DATA FOR PROCESSING
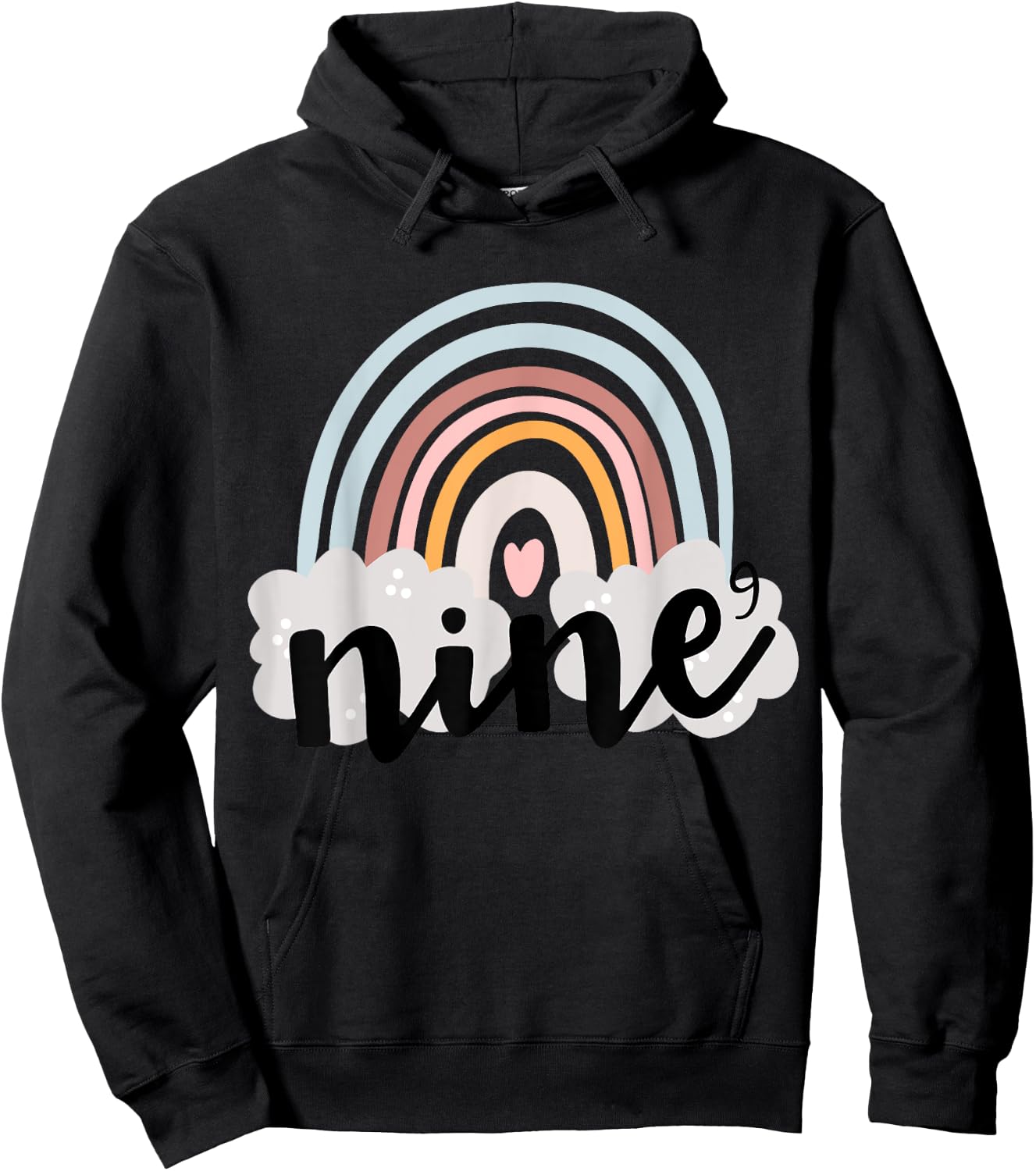 Nine Year Birthday Rainbow Party Boho Family 9 Year Old Hoodie - Hoodie | Black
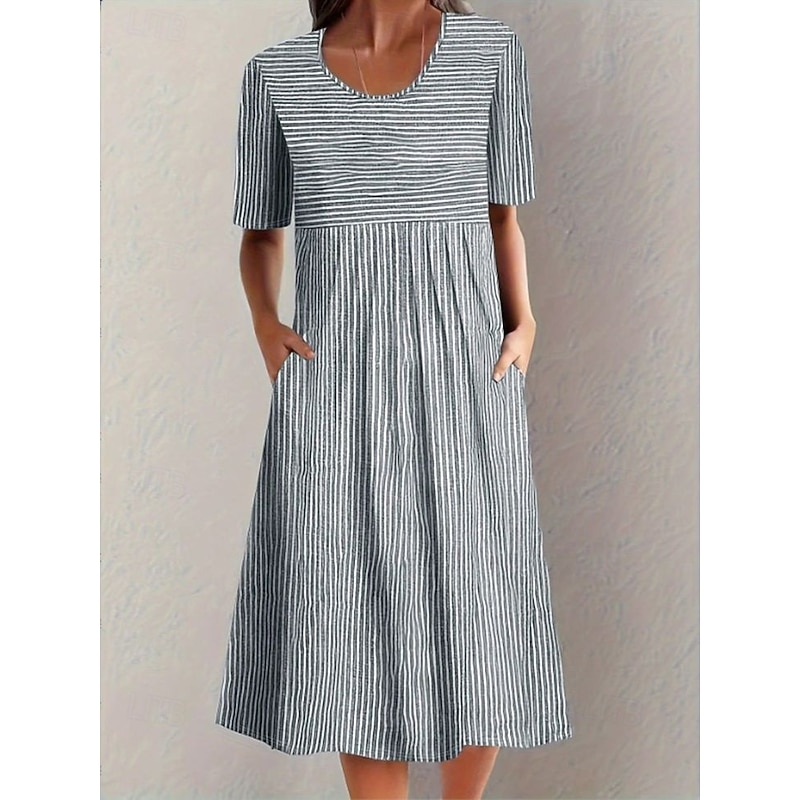 Women's Midi Dress A Line Dress Summer Dress Vacation Casual Daily Holiday Loose Fit Graphic Geometric Striped Half Sleeve Crew Neck Blue Gray Summer2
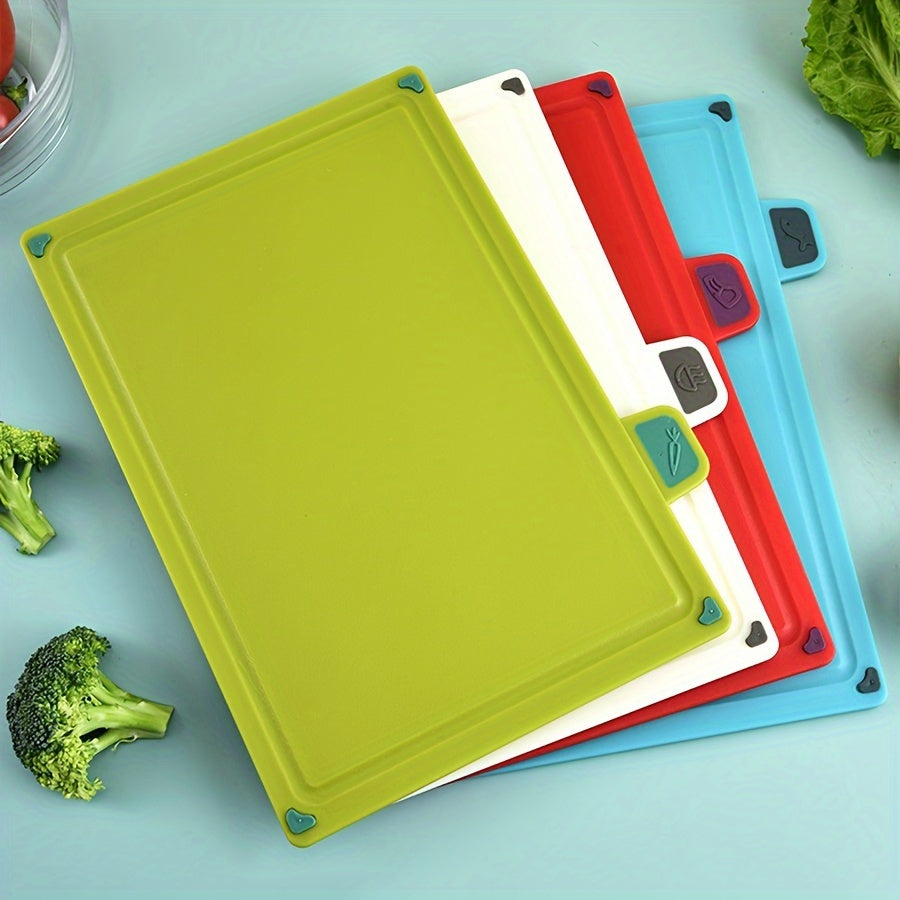 Plastic Kitchen Cutting Board Stand 4pcs Four-color Classification Kitchen Multi-purpose Plastic Cutting Board Set with Stand, Dishwasher Safe And Durable, Suitable for Kitchen Cutting Boards, Fruits, Vegetables And Meat.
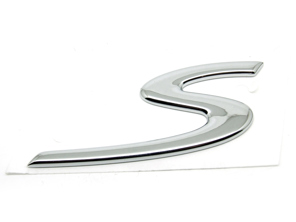S - Abzeichen CHROM. Porsche 986 Boxster / 996 Turbo S / 997.2 Turbo S - 98655924301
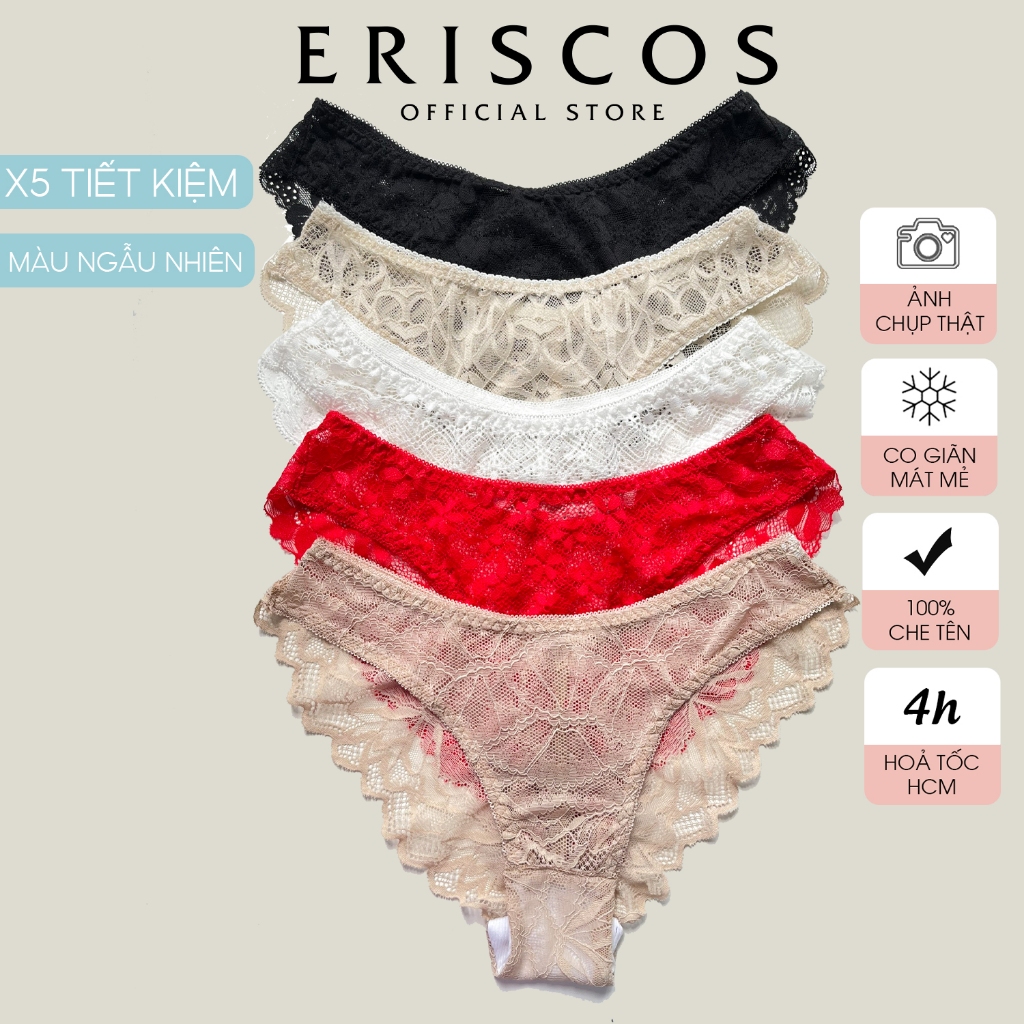 Quần Lót Nữ Ren Cánh Tiên Basic Mềm Mát Thoáng Khí Gợi Cảm Cao Cấp Có Size Thiết Kế Eriscos Việt Nam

TASK DETAILS
Can you quote exactly, and only, the lines from the one containing "S - Abzeichen" through the last line of the records above, keeping both ends and leaving out any pictures?

ANSWER SPACE
S - Abzeichen CHROM. Porsche 986 Boxster / 996 Turbo S / 997.2 Turbo S - 98655924301
 Quần Lót Nữ Ren Cánh Tiên Basic Mềm Mát Thoáng Khí Gợi Cảm Cao Cấp Có Size Thiết Kế Eriscos Việt Nam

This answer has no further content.